Abstract

In order to understand the factors responsible for changes in the fluidization behaviour of industrial particles at high temperatures, an experimental campaign was performed using a 140 × 1000 mm heated gas fluidized bed. Five powder cuts sieved out of the same mother powder covering Group B, A and C of Geldart's classification were investigated over a range of temperatures from ambient to 500 °C. The results show that the mean size distribution affects significantly the fluidization behaviour of the materials investigated. In particular, significant differences were observed in the fluidization behaviour of the coarsest samples (Group B-A) and finest samples (Group A-C).
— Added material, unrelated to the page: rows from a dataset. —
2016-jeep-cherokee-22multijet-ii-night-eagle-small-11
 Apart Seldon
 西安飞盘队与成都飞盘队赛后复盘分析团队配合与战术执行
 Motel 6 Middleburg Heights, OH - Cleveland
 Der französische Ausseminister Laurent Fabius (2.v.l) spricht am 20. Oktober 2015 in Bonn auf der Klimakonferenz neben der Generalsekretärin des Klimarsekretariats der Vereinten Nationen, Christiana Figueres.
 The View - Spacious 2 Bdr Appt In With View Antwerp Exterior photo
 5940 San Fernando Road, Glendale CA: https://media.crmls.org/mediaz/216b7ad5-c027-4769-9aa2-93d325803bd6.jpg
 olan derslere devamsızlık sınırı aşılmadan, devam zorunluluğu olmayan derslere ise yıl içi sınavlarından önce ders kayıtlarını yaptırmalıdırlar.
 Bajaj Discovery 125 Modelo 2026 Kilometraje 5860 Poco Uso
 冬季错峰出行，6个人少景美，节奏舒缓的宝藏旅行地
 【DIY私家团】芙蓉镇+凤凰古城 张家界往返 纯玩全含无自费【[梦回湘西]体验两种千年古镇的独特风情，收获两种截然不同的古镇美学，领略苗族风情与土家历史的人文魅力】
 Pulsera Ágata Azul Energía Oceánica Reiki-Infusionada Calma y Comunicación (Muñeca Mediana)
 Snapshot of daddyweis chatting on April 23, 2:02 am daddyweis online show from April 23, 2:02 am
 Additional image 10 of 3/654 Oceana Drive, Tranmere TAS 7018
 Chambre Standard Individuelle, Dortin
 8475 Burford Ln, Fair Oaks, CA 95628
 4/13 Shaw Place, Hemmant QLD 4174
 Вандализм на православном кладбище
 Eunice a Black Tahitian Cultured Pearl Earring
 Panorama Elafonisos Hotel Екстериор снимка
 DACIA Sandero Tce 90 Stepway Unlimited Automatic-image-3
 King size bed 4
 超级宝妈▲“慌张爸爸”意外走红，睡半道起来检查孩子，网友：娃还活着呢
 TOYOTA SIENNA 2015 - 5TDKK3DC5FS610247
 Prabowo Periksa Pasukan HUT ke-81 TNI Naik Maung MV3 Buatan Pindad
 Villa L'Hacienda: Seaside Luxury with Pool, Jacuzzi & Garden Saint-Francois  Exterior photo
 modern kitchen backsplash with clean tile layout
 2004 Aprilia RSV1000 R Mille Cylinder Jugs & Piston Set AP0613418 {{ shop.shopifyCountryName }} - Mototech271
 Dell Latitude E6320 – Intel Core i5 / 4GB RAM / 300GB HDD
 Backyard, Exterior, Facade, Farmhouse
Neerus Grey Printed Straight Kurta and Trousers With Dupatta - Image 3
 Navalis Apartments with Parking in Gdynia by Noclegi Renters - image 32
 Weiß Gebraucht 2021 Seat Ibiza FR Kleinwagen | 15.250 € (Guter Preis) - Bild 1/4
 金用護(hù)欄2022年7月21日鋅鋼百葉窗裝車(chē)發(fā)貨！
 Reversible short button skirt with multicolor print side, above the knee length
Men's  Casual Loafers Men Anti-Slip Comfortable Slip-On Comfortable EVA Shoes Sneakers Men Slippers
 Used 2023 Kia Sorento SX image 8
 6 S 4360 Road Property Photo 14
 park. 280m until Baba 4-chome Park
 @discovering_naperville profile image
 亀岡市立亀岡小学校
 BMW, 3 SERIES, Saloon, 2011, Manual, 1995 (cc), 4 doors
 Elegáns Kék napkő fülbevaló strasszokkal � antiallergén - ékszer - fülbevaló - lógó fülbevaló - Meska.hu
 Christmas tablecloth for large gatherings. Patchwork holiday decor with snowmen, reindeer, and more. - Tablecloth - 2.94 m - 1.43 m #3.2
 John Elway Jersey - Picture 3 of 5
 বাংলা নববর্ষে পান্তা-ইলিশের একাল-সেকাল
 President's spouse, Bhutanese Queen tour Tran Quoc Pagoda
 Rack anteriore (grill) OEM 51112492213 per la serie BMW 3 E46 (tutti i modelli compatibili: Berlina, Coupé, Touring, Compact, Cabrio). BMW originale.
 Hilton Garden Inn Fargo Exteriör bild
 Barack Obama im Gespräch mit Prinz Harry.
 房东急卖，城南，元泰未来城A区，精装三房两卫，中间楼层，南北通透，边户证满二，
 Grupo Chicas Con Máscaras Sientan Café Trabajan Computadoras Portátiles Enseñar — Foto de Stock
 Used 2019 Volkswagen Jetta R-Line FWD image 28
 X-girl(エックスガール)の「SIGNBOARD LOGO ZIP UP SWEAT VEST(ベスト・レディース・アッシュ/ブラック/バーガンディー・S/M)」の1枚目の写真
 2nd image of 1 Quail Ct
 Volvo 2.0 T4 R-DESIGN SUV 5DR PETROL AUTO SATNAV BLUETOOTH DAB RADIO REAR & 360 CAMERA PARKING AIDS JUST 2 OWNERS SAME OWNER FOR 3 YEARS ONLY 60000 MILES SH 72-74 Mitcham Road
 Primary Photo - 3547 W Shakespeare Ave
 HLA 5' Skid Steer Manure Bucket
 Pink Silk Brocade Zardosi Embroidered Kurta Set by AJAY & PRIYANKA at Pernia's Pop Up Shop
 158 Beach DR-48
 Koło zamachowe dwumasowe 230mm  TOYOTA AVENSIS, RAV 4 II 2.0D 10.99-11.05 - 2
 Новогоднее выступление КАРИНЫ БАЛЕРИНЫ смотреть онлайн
The minimum fluidization conditions were compared with the prediction of the Ergun equation. The comparison was satisfactory only when accounting for the experimental values of the bed voidage. In fact, the non-monotonic trend of the minim velocity for fluidization with increasing temperature cannot be explained only with the effects of temperature on the bed fluid dynamics. But several others are the observed effects on the fluidization behaviour due to the temperature rise that can be ascribed to the enhanced interparticle forces: 1) the increase of the peak of pressure drops, close to the minimum for fluidization, in the fluidization curve at increasing gas velocities; 2) the increase for the finest samples of the hysteresis in the fluidization curves, considering the fluidization and defluidization branches of the curve; 3) a greater tendency of the bed to expand homogeneously; 4) the increasing difference between the parameters of the Richardson-Zaki equation found with a fitting procedure on the experiments and those found using the Richardson-Zaki correlations and the theoretical terminal velocity. Furthermore, in the cases where larger interparticle forces were expected, the X-Ray facility allowed to identify different internal structures within the bed. Mostly vertical channels but also, in the case of the finest powder tested, horizontal channels.